L’être humain dispose de cette capacité à s’envoler à l’intérieur du corps d’autrui – autrui pouvant être soit le narrateur soit un personnage. Cette capacité de décollage est au cœur de ce qu’on rêve d’enclencher chez le spectateur quand on est scénariste ou cinéaste. Le monde de l’hypnose étudie le mode de fonctionnement de ce décollage ; des chercheurs font des IRM du cerveau en état modifié de conscience, par exemple. Au Princeton Neuroscience Lab, le chercheur israélien Yuri Hassan a essayé de mesurer ce qui caractérise la transe générée dans le cerveau d’un spectateur et comment la comparer à celle qu’émet le cerveau du narrateur. Il arrive à décoder des phénomènes de résonances entre la personne qui raconte et celle qui écoute, et même entre les différents auditeurs. Un récit qui fonctionne bien fabrique une forme de résonance entre les différents spectateurs, un peu comme sur une piste de danse, un récit peut faire battre les cerveaux et les faire danser à l’unisson.
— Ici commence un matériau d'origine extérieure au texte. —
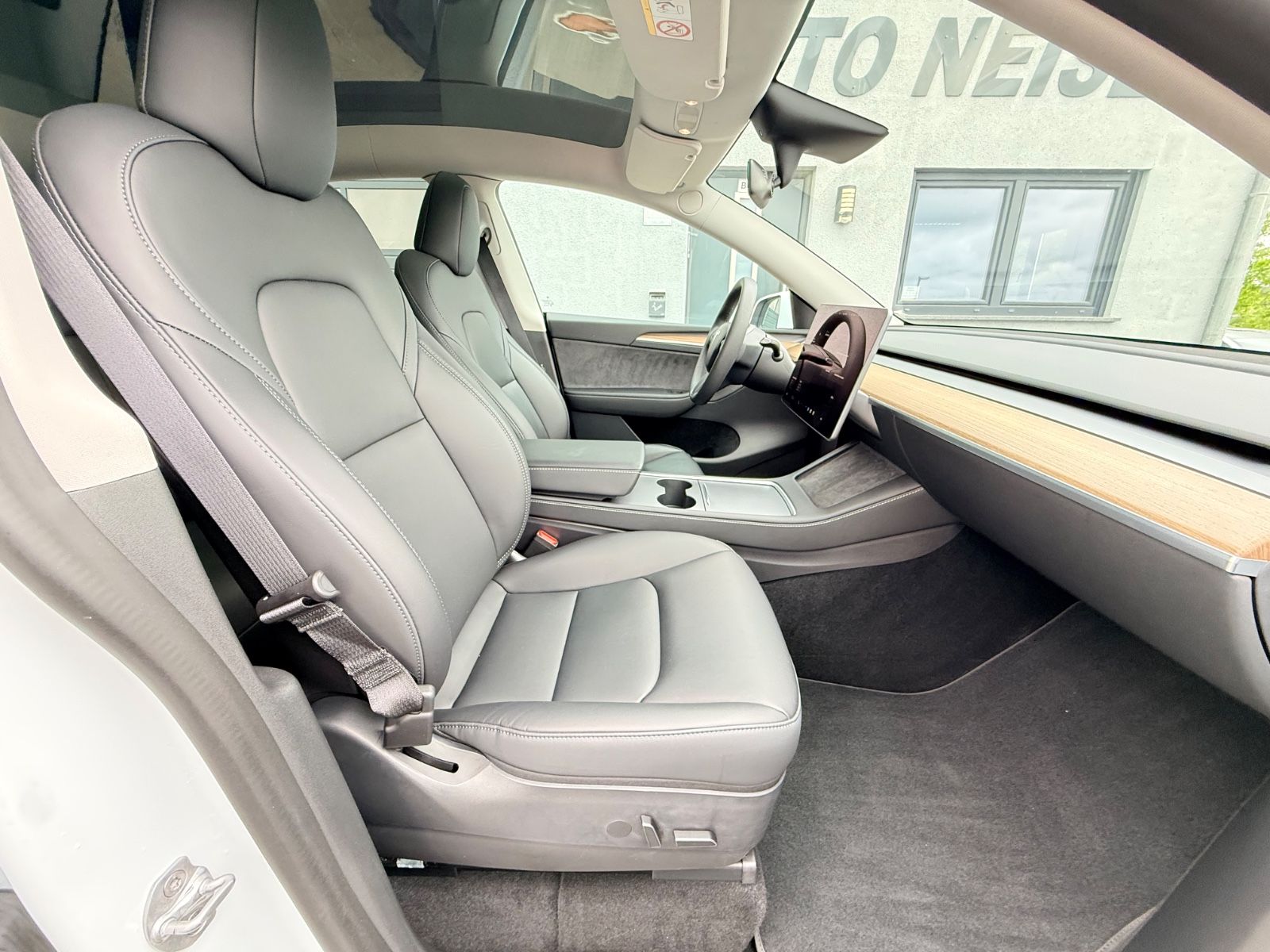 Tesla Model Y SR | AMD RYZEN | *AHK* | *Kühlfach* foto 14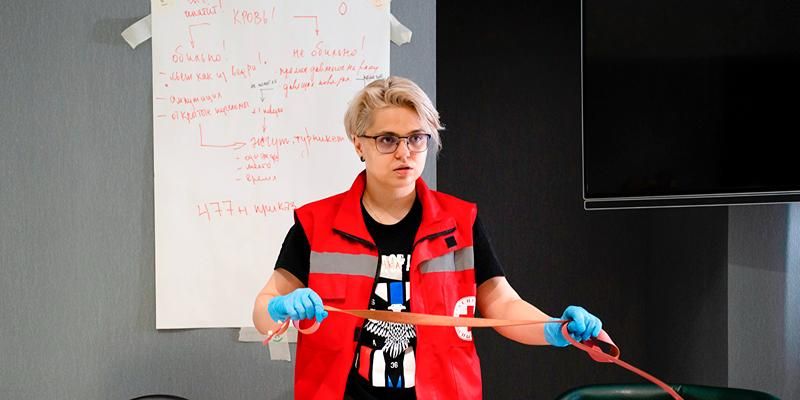 Теория, практика и стажировка: как обучиться оказанию первой помощи в НКО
Dans un monde où l’individualisme fait autant de ravages et où les nouvelles technologies génèrent de l’isolement, comment faire pour refabriquer du commun ? Le récit est une solution et, oui, il peut avoir une fonction corporelle. Au Groupe Ouest, nous cherchons comment faire danser les êtres intérieurement en phase les uns avec les autres. Il y a là-dedans du sublime, notamment compte tenu de la période qu’on traverse.

Quel outil pourrait favoriser cette transe ?

L’oralité en est un. Au Groupe Ouest, nous testons les scénarios auprès des villageois lors de soirées où les auteurs leur racontent leurs histoires. Puis nous interrogeons les gens pour savoir ce qu’ils perçoivent. Car le but du jeu est de générer des phénomènes de résonance. Bien sûr, quand on parle de transe collective, on a tous en tête le traumatisme généré par Hitler en Allemagne. Mais ce qu’il mettait en place était-il une transe narrative ? C’est une question en soi. Il ne faut pas occulter ce versant dangereux. Mais fabriquer du récit et du commun nous paraît une mission d’intérêt général essentielle. Aujourd’hui, fabriquer des histoires n’est pas dissociable d’une réflexion politico-philosophique sur le monde tel qu’il est.